What I am referring to is the inverted yield curve. As the Fed has moved aggressively over the past year and a half, these yield increases have been led by the shortest maturities. Simultaneously, longer term debt is not seeing a corresponding rise due to worries over economic growth going forward. This yield curve anomaly is not new, but the steepness of the inversion is why it still is prudent to highlight it:

Yield Curve Inversion (St. Louis Fed)

The net result of this is that leveraged funds - such as PTY - continue to see an uptick in short-term borrowing costs while facing fewer opportunities for higher yields further out the curve.
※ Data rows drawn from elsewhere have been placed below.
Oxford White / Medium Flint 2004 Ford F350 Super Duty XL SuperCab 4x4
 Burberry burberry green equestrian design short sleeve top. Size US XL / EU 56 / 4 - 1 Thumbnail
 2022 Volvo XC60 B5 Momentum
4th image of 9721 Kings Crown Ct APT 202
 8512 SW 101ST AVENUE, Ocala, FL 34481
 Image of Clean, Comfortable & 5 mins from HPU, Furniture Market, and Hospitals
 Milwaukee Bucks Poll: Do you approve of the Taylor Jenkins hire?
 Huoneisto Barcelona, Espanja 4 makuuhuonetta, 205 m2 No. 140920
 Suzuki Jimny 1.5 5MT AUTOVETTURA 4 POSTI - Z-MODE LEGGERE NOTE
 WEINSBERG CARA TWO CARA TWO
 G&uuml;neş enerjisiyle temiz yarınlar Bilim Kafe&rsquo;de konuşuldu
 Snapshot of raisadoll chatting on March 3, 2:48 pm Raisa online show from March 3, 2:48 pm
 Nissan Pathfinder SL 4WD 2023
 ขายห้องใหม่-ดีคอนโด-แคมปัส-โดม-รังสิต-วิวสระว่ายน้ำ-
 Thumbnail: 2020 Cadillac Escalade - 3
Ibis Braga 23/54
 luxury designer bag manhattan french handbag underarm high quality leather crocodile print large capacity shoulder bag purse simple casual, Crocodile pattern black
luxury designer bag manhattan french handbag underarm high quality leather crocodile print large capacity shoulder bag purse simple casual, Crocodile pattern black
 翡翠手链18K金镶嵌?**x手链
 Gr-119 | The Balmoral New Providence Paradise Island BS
With respect to PTY, this is a highly leveraged fund. The primary way the fund managers use leverage is through reverse repos - a method of short-term borrowing. This is an agreement to sell securities in order to buy them back at a higher price - that price differential essentially acting as the interest payment:

PTY's Use of Leverage (PIMCO)

The macro-environment has pushed up interest expenses for PTY into the 3% range:

Expenses (PIMCO)

While not insurmountable, we have to consider that PTY needs to earn more than 3% just to add any value to the fund. In this higher for longer macro-backdrop, that can be done with treasuries, IG-rated bonds, and, of course, junk bonds. But it still means borrowing costs are higher than they used to be and with the yield curve inverted, the spread differential is narrower between what they (fund managers) are paying to borrow and what they can earn.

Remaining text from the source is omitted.